Too many young people are killing themselves because NHS professionals are not sharing information with their families, a charity has warned.
Ged Flynn, chief executive of youth suicide prevention charity Papyrus, has written to the head of every NHS trust in England urging them to encourage staff to share information about vulnerable children and teenagers with families and schools.
The charity said it has heard of "countless" instances where a young person's history of suicidal behaviour was kept from loved ones.
In some cases, permission had been given by the patient to share the information, the charity said.
Mr Flynn (pictured) said that "too often" families only learned of a young person's suicidal behaviours after their death.
Evidence suggests family members are important in ensuring interventions from health professionals are successful.

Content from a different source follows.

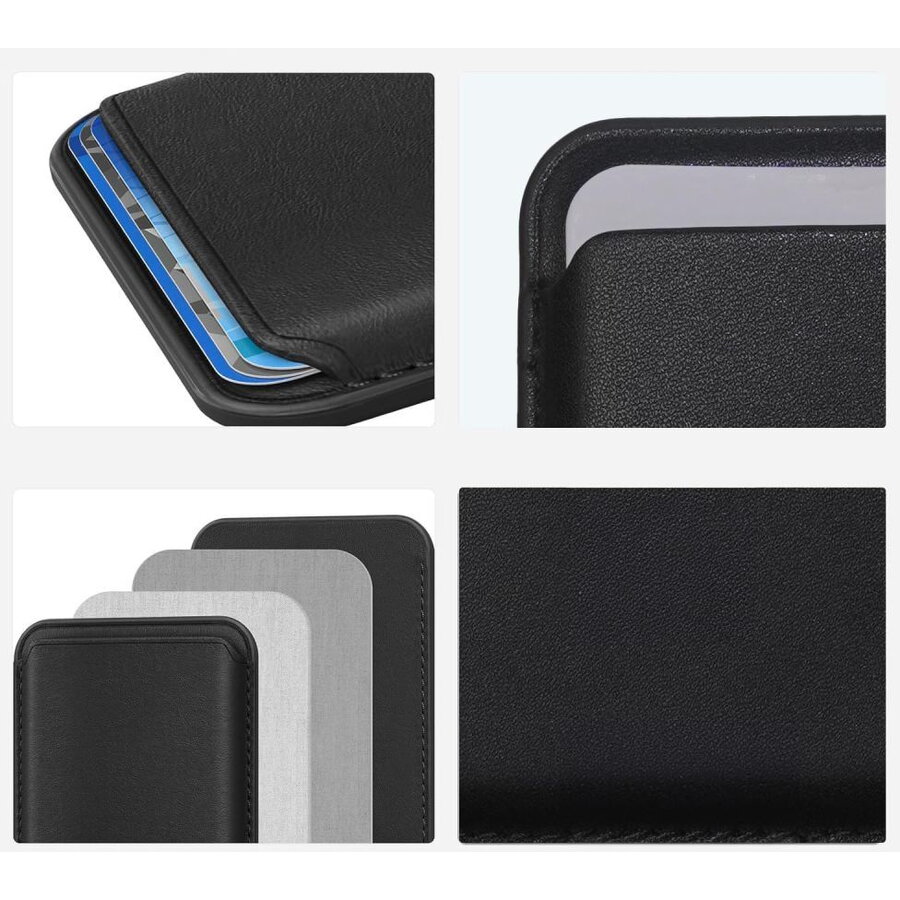 Etui Tech-Protect MagWallet MagSafe pentru 3 carduri, elegant, usor, set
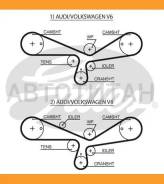 ������ ��� AUDI A4 2.4, 2.8 96-01, A6 2.4, 2.8 97-/ VW Passat 2.8 96-00 90253x30 Gates 5493XS 5493XS ����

Mr Flynn's letter urges each NHS trust chief to write to their employees, and back them if they decide to share information about a patient to keep them safe from suicide.
He said: "Papyrus believes that every NHS trust chief executive can change the culture of a frightened workforce, often scared by a misguided understanding of protecting data.
"Rather, sharing information can protect life. NHS bosses can help us to save young lives by empowering staff to make professional judgments, without prejudice or fear of litigation, and based on the best interest of the patient."
Around 1,600 10 to 34-year-olds take their lives in the UK each year, the charity said.
A "significant number" were known to primary care and visited a GP in the months before their death, it added.